What on earth will Keir Starmer do with all these new Scottish MPs? After 4 July he will, according to most polls, have somewhere between 20 and 30 of them. Given there are currently just two, Labour high command is preparing to welcome a high-spirited tartan army to Westminster. Late-night debates about socialism over cans of Tennent’s on the London Sleeper are about to become a thing again.

There will, of course, be many new Labour MPs from all across the UK. But the Scottish contingent will carry extra weight and arrive with heightened expectations. The calculation will change from what Scotland can do for Labour to what Labour can do for Scotland.

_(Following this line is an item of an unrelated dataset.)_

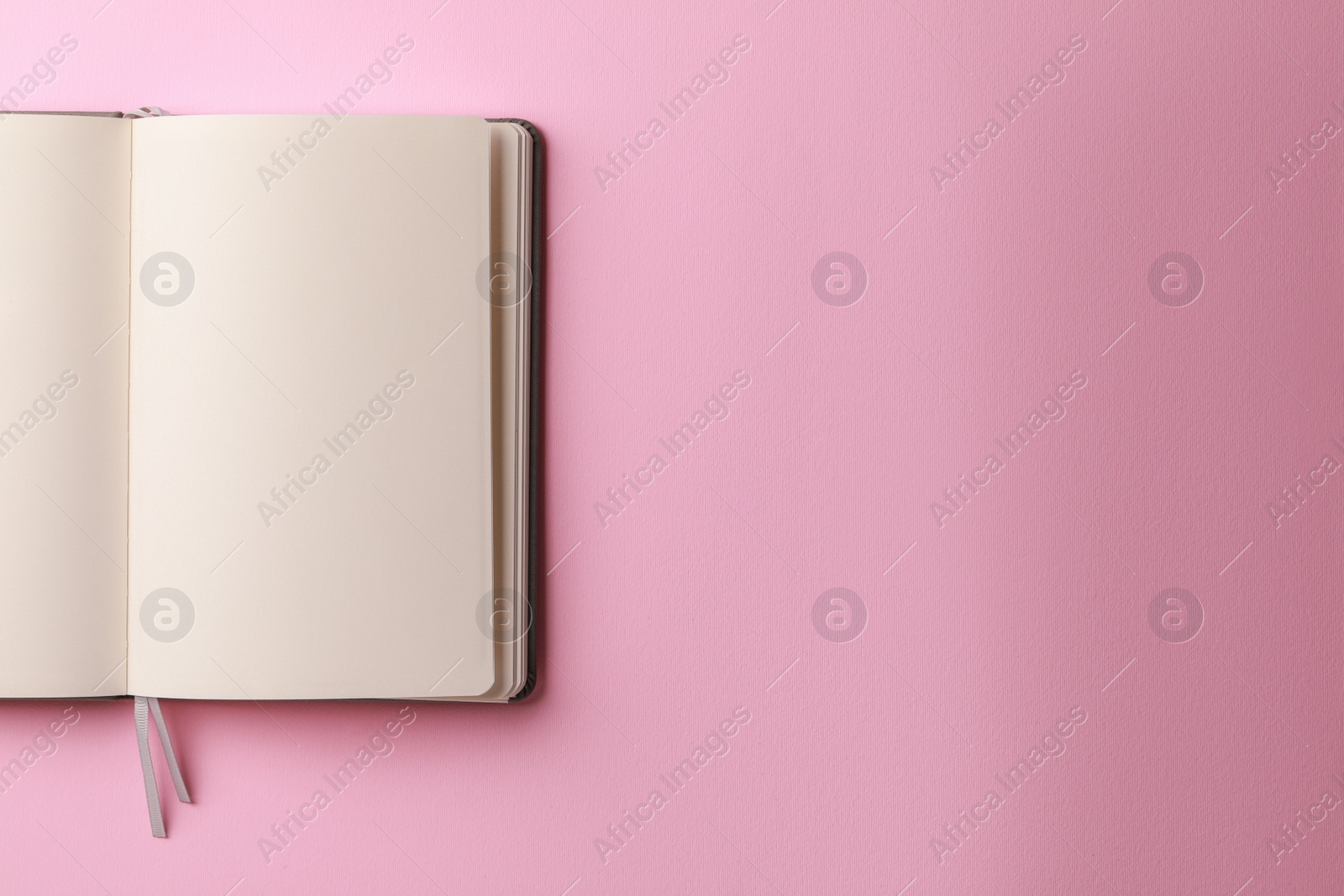 Photo of Blank notebook on pale pink background, top view. Space for text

The party has been predominantly English since the 2015 general election, when it lost 40 of its 41 Scottish seats to the great SNP sweep. It has taken a decade for that debilitating and psychologically damaging defeat to be redressed.

The contrast with 1997 couldn’t be starker. Throughout the Tory administrations of the 1980s and 1990s, Labour was a shrunken force south of the border and relied heavily on its rock-solid Scottish seats. Tony Blair’s first cabinet was stocked with experienced, talented Scots who had stuck around through the bad years: Gordon Brown, Robin Cook, George Robertson, Alistair Darling, Donald Dewar and Gavin Strang. Not to forget Derry Irvine.

Today’s Labour front bench contains only one Scot – the shadow Scotland Secretary Ian Murray. All the biggest jobs are held by English MPs, who will doubtless expect to retain their current briefs in office.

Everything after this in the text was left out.